A investigação aprofundou detalhes da vida do jovem e também como ele se comportava na internet, identificando que o crime era premeditado desde o ano passado.
“Ele não tinha ódio contra um grupo específico, criou esse ódio generalizado. Ele tinha acesso a muito conteúdo inapropriado e contato com pessoas com pensamentos ruins e violentos, mas não tinha acesso à deep web“, acrescentou. Ainda segundo o delegado, não há indícios de o jovem tenha qualquer doença mental.
Por que bebês?
O delegado informou que, no início, o jovem tentou por diversas vezes adquirir uma arma de fogo, mas não obteve êxito e por isso comprou as armas brancas pela internet. Ele as recebeu pelos Correios.
“Elas chegaram na casa dele cerca de cinco dias antes do ataque. A família chegou a ter contato com elas, mas não sabia do que se tratava”. A definição da chacina foi feita no dia em que as armas chegaram.
A família do autor chegou a ver as armas, mas não entenderam o motivo da compra, segundo Ferreira. “Todas as pessoas do seu ciclo não tinham ideia, ele nunca tinha demonstrado isso [a ideia do massacre].”
Ainda conforme o delegado, a ideia era atacar pessoas com quem o autor estudou na escola. Mas como ele não conseguiu obter a arma de fogo, desistiu de enfrentar jovens da mesma faixa etária apenas com as adagas. Por este motivo optou pela creche, com vítimas indefesas.

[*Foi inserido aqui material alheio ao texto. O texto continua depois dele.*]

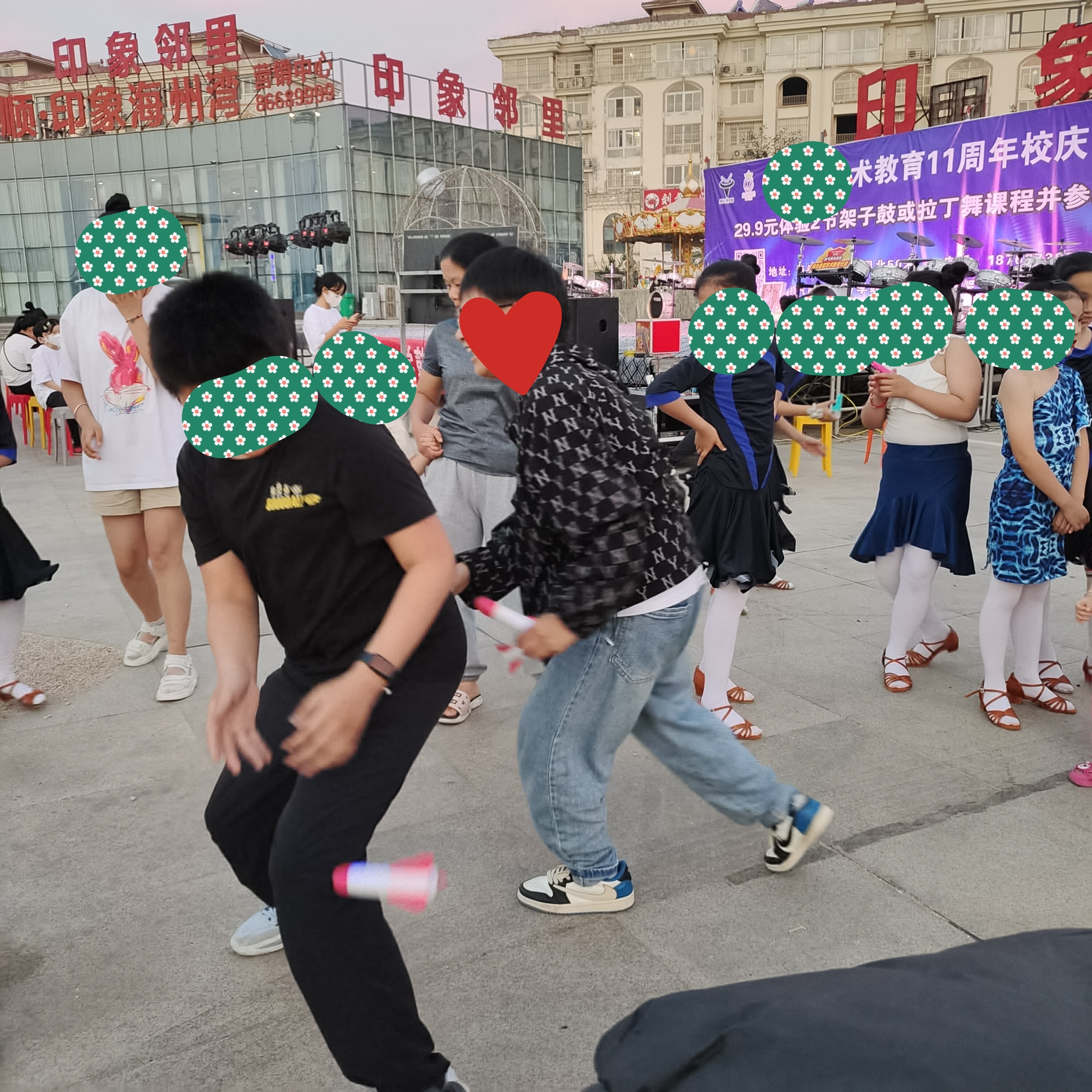 一个六年级的小女孩把自己打扮成男孩子模样,也不知道是为什么?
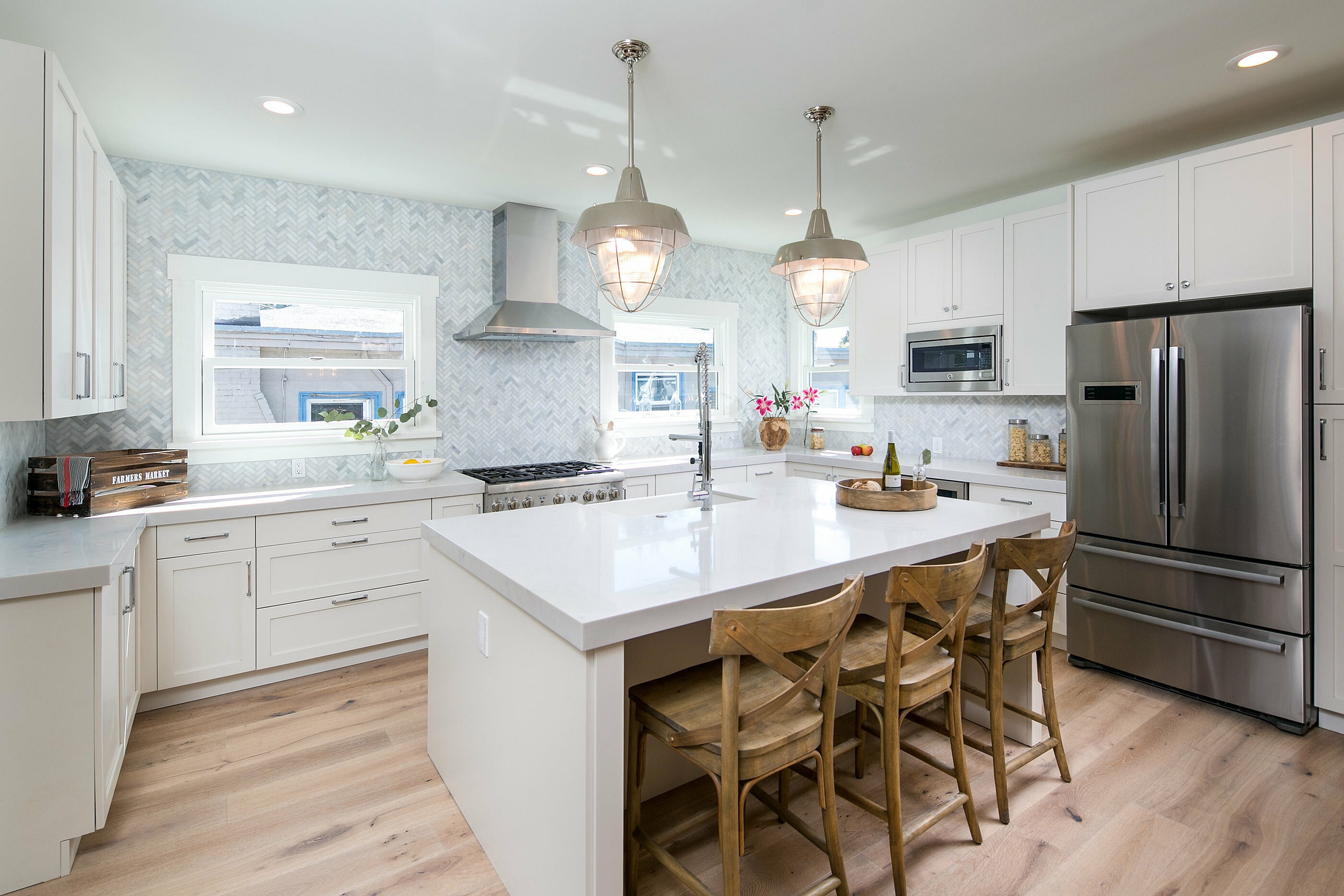 Sleek kitchen with new appliances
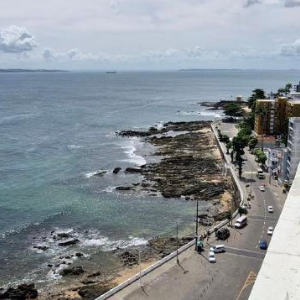 Wagner Moura, indicado ao Oscar 2026 por 'O Agente Secreto', mora em Salvador com vista privilegiada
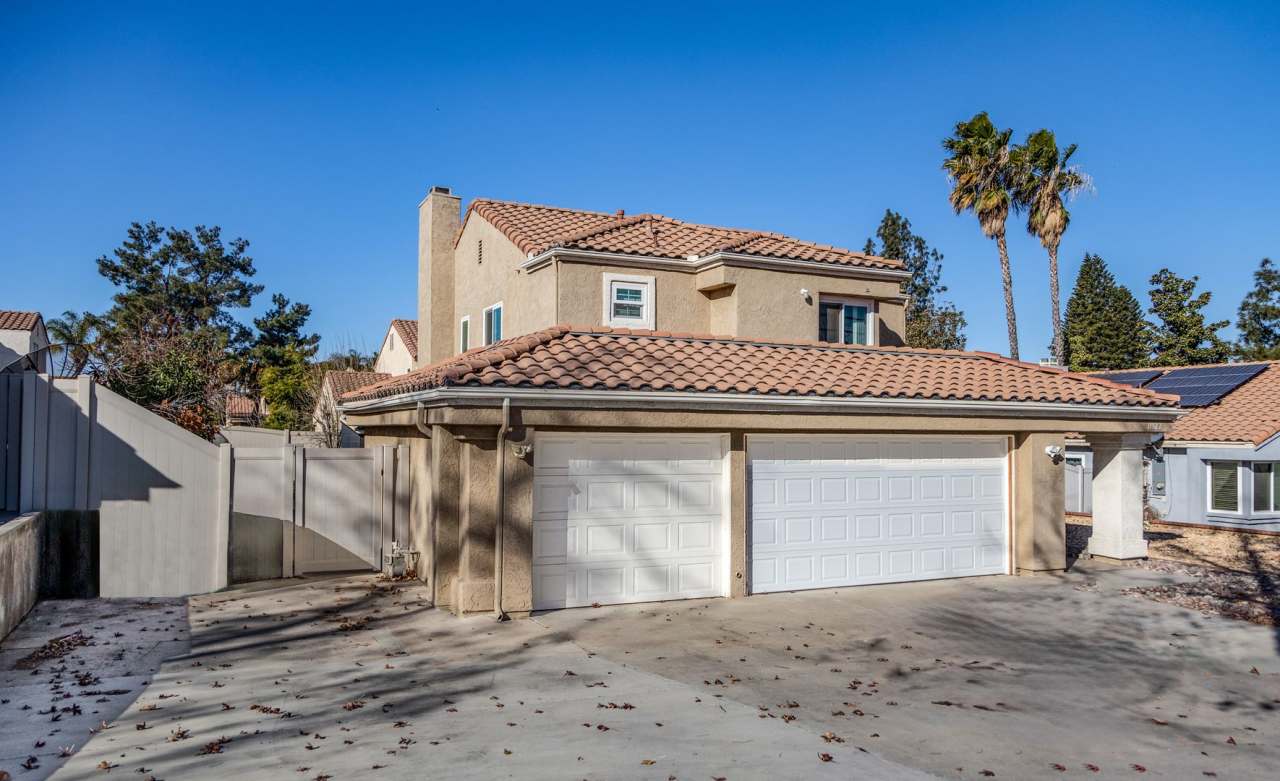 Beautiful Updated Home Close to Park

“O ato dele, por si só, já seria covarde, porque foi contra crianças e mulheres que não tinham como se defender, mas mostra que ele foi ainda mais covarde”, apontou o delegado Ferreira.

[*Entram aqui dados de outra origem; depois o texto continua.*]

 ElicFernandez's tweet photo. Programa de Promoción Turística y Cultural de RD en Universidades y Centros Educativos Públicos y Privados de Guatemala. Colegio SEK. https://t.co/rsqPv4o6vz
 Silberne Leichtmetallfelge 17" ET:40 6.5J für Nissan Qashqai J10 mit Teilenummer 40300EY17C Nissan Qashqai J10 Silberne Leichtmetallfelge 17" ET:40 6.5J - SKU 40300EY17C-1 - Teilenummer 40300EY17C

“Ele não “se garantia” contra outras pessoas e pensou ‘vou descontar minha raiva com pessoas que não têm nada a ver comigo, inocentes, que nunca fizeram nada para ninguém’, o que mostra que é ainda mais covarde”, opinou.
Em relação à tentativa de suicídio, já era algo planejado previamente, segundo confissão do autor.
Atentados aconteceriam em outros estados
Durante a investigação, a Polícia Civil contou com troca de informações com agências do FBI, nos Estados Unidos. Uma das agências de segurança foi a ICE-HSI (Homeland Security Investigations) na Embaixada dos Estados Unidos, em Brasília. Também contribuíram agências de inteligência de Santa Catarina, além das forças de segurança estaduais, federais e internacionais.
O delegado regional Ricardo Casagrande acrescentou que, com a troca de informações com outros quatro estados, foi possível impedir ações semelhantes. “As ações não tinham ligações com o fato ocorrido em Saudades, mas diante do que foi extraído dos equipamentos, conseguimos identificar que outras pessoas tinham intenções semelhantes ao jovem de Saudades. Eles permanecem sob investigação em seus respectivos estados.”
Informações relacionadas a esses casos não foram repassadas pela polícia porque ainda estão sob investigação. No total, foram ouvidas mais de 20 testemunhas, mas o principal trabalho foi na análise de dados.